Prompt
A complete and exact copy of the entries below is the expected result.

▬▬▬▬▬▬▬▬▬▬

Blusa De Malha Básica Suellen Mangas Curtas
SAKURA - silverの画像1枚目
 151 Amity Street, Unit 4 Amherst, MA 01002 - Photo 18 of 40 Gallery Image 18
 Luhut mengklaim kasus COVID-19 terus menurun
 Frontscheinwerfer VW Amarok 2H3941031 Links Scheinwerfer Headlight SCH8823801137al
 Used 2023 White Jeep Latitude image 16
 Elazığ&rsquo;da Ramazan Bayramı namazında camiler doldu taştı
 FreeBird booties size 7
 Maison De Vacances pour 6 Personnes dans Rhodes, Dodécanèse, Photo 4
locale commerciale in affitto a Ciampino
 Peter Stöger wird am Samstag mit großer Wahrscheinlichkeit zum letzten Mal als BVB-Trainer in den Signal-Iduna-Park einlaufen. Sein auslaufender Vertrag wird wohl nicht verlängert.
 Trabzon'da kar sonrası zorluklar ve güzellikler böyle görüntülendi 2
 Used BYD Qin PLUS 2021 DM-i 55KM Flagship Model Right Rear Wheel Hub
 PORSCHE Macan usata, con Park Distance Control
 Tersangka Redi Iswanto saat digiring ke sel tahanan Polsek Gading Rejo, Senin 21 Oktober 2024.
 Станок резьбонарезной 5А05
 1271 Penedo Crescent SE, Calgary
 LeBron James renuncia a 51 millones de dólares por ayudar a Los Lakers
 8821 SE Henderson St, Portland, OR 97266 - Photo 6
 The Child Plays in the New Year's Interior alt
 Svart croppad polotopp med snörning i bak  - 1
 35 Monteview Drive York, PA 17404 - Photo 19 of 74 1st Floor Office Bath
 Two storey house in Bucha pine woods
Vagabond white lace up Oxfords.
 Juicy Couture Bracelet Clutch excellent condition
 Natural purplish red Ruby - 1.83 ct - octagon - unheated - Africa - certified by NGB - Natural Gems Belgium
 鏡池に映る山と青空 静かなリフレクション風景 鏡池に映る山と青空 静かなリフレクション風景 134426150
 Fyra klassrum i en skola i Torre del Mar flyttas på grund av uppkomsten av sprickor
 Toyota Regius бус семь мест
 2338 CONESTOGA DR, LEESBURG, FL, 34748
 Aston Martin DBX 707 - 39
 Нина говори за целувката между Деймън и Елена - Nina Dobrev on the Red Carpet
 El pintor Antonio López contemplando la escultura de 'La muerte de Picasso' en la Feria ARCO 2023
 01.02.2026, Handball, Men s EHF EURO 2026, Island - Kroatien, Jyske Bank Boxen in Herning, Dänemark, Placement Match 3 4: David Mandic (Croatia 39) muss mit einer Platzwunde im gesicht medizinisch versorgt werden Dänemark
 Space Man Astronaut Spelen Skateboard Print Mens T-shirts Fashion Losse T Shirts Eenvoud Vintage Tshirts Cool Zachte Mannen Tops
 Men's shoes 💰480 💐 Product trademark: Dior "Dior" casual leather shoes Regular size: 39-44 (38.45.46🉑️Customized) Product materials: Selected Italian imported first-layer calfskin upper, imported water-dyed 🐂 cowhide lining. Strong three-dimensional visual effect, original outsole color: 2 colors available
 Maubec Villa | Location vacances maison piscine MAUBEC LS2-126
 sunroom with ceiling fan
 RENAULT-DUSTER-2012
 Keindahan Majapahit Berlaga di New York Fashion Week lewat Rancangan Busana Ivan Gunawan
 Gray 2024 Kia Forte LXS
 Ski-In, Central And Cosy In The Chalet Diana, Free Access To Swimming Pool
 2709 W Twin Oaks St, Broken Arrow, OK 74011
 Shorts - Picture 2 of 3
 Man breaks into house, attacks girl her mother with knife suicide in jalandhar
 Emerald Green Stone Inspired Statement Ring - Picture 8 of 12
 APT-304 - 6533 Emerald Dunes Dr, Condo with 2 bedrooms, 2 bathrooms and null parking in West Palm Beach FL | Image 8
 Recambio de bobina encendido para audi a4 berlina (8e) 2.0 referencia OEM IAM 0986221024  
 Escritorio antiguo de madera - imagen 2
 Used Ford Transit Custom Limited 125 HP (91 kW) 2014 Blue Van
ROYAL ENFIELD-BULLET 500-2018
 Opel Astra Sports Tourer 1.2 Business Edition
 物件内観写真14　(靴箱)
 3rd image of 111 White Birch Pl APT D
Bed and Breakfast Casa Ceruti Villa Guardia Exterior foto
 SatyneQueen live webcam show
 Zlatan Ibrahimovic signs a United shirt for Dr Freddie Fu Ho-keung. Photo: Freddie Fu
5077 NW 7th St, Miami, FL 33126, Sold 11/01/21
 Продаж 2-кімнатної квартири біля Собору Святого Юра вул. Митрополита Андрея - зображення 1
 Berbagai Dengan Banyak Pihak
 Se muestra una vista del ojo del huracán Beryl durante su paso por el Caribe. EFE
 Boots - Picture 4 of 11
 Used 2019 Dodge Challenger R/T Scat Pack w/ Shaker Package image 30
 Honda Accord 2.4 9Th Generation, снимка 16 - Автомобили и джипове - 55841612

▬▬▬▬▬▬▬▬▬▬

Solution for this problem
Blusa De Malha Básica Suellen Mangas Curtas
SAKURA - silverの画像1枚目
 151 Amity Street, Unit 4 Amherst, MA 01002 - Photo 18 of 40 Gallery Image 18
 Luhut mengklaim kasus COVID-19 terus menurun
 Frontscheinwerfer VW Amarok 2H3941031 Links Scheinwerfer Headlight SCH8823801137al
 Used 2023 White Jeep Latitude image 16
 Elazığ&rsquo;da Ramazan Bayramı namazında camiler doldu taştı
 FreeBird booties size 7
 Maison De Vacances pour 6 Personnes dans Rhodes, Dodécanèse, Photo 4
locale commerciale in affitto a Ciampino
 Peter Stöger wird am Samstag mit großer Wahrscheinlichkeit zum letzten Mal als BVB-Trainer in den Signal-Iduna-Park einlaufen. Sein auslaufender Vertrag wird wohl nicht verlängert.
 Trabzon'da kar sonrası zorluklar ve güzellikler böyle görüntülendi 2
 Used BYD Qin PLUS 2021 DM-i 55KM Flagship Model Right Rear Wheel Hub
 PORSCHE Macan usata, con Park Distance Control
 Tersangka Redi Iswanto saat digiring ke sel tahanan Polsek Gading Rejo, Senin 21 Oktober 2024.
 Станок резьбонарезной 5А05
 1271 Penedo Crescent SE, Calgary
 LeBron James renuncia a 51 millones de dólares por ayudar a Los Lakers
 8821 SE Henderson St, Portland, OR 97266 - Photo 6
 The Child Plays in the New Year's Interior alt
 Svart croppad polotopp med snörning i bak  - 1
 35 Monteview Drive York, PA 17404 - Photo 19 of 74 1st Floor Office Bath
 Two storey house in Bucha pine woods
Vagabond white lace up Oxfords.
 Juicy Couture Bracelet Clutch excellent condition
 Natural purplish red Ruby - 1.83 ct - octagon - unheated - Africa - certified by NGB - Natural Gems Belgium
 鏡池に映る山と青空 静かなリフレクション風景 鏡池に映る山と青空 静かなリフレクション風景 134426150
 Fyra klassrum i en skola i Torre del Mar flyttas på grund av uppkomsten av sprickor
 Toyota Regius бус семь мест
 2338 CONESTOGA DR, LEESBURG, FL, 34748
 Aston Martin DBX 707 - 39
 Нина говори за целувката между Деймън и Елена - Nina Dobrev on the Red Carpet
 El pintor Antonio López contemplando la escultura de 'La muerte de Picasso' en la Feria ARCO 2023
 01.02.2026, Handball, Men s EHF EURO 2026, Island - Kroatien, Jyske Bank Boxen in Herning, Dänemark, Placement Match 3 4: David Mandic (Croatia 39) muss mit einer Platzwunde im gesicht medizinisch versorgt werden Dänemark
 Space Man Astronaut Spelen Skateboard Print Mens T-shirts Fashion Losse T Shirts Eenvoud Vintage Tshirts Cool Zachte Mannen Tops
 Men's shoes 💰480 💐 Product trademark: Dior "Dior" casual leather shoes Regular size: 39-44 (38.45.46🉑️Customized) Product materials: Selected Italian imported first-layer calfskin upper, imported water-dyed 🐂 cowhide lining. Strong three-dimensional visual effect, original outsole color: 2 colors available
 Maubec Villa | Location vacances maison piscine MAUBEC LS2-126
 sunroom with ceiling fan
 RENAULT-DUSTER-2012
 Keindahan Majapahit Berlaga di New York Fashion Week lewat Rancangan Busana Ivan Gunawan
 Gray 2024 Kia Forte LXS
 Ski-In, Central And Cosy In The Chalet Diana, Free Access To Swimming Pool
 2709 W Twin Oaks St, Broken Arrow, OK 74011
 Shorts - Picture 2 of 3
 Man breaks into house, attacks girl her mother with knife suicide in jalandhar
 Emerald Green Stone Inspired Statement Ring - Picture 8 of 12
 APT-304 - 6533 Emerald Dunes Dr, Condo with 2 bedrooms, 2 bathrooms and null parking in West Palm Beach FL | Image 8
 Recambio de bobina encendido para audi a4 berlina (8e) 2.0 referencia OEM IAM 0986221024  
 Escritorio antiguo de madera - imagen 2
 Used Ford Transit Custom Limited 125 HP (91 kW) 2014 Blue Van
ROYAL ENFIELD-BULLET 500-2018
 Opel Astra Sports Tourer 1.2 Business Edition
 物件内観写真14　(靴箱)
 3rd image of 111 White Birch Pl APT D
Bed and Breakfast Casa Ceruti Villa Guardia Exterior foto
 SatyneQueen live webcam show
 Zlatan Ibrahimovic signs a United shirt for Dr Freddie Fu Ho-keung. Photo: Freddie Fu
5077 NW 7th St, Miami, FL 33126, Sold 11/01/21
 Продаж 2-кімнатної квартири біля Собору Святого Юра вул. Митрополита Андрея - зображення 1
 Berbagai Dengan Banyak Pihak
 Se muestra una vista del ojo del huracán Beryl durante su paso por el Caribe. EFE
 Boots - Picture 4 of 11
 Used 2019 Dodge Challenger R/T Scat Pack w/ Shaker Package image 30
 Honda Accord 2.4 9Th Generation, снимка 16 - Автомобили и джипове - 55841612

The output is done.